Sea Level rise to impact credit ratings

Date: 17 January 2020 Tags: Reports & Indices

Issue

Economic shocks emerging from rising sea levels pose a long-term risk to the sovereign credit ratings of dozens of countries that have large areas at risk of submersion, including Vietnam, Egypt, Suriname, and the Bahamas, Moody’s said.

 

Background

Climate science suggests that sea levels will continue to rise for decades, contributing to increasingly frequent natural disasters such as storm surges, floods, and cyclones.

 

Details

  • The economic and social repercussions of lost income, damage to assets, a loss of life, health issues and forced migration from the sudden events related to sea-level rise are immediate.

  • Farming, tourism, and trade are all threatened by rising sea levels, especially in countries with a large proportion of land and people at risk of submersion, including island states like the Philippines, Fiji and the Maldives.

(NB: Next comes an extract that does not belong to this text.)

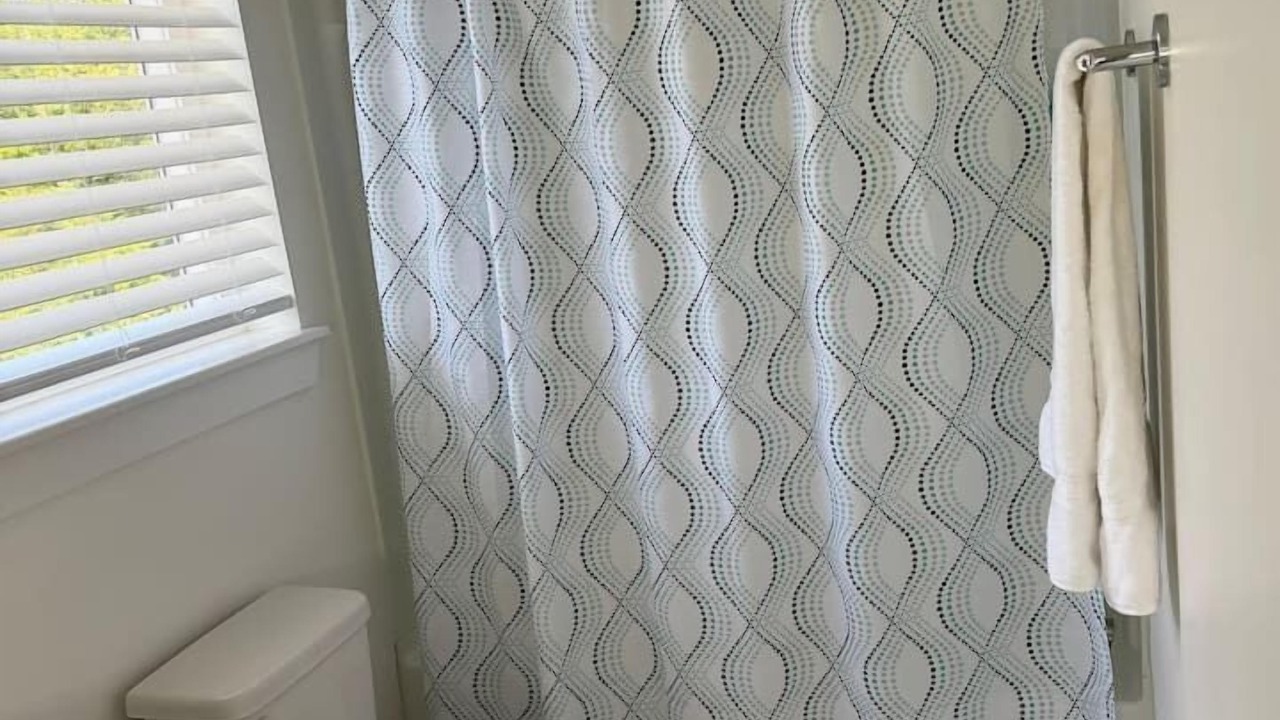 Photo of Bathroom in Dickerson Road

  • While high-income economies, such as Japan and the Netherlands, are also exposed, they have countermeasures in place that mean their credit ratings are unlikely to be materially impacted.

  • Moody’s said, the largest populations exposed are in Asia, including Bangladesh (Ba3 stable), China (A1 stable), Indonesia (Baa2 stable), and India (Baa2 negative).

  • The credit implications are wide-ranging, including economic and social repercussions of lost income, damage to assets, loss of life, health issues and forced migration from the sudden events related to sea level rise are immediate.

  • The extent of risk will be determined by the pace of increase in the frequency and severity of natural disasters related to sea level rise, which is currently highly uncertain.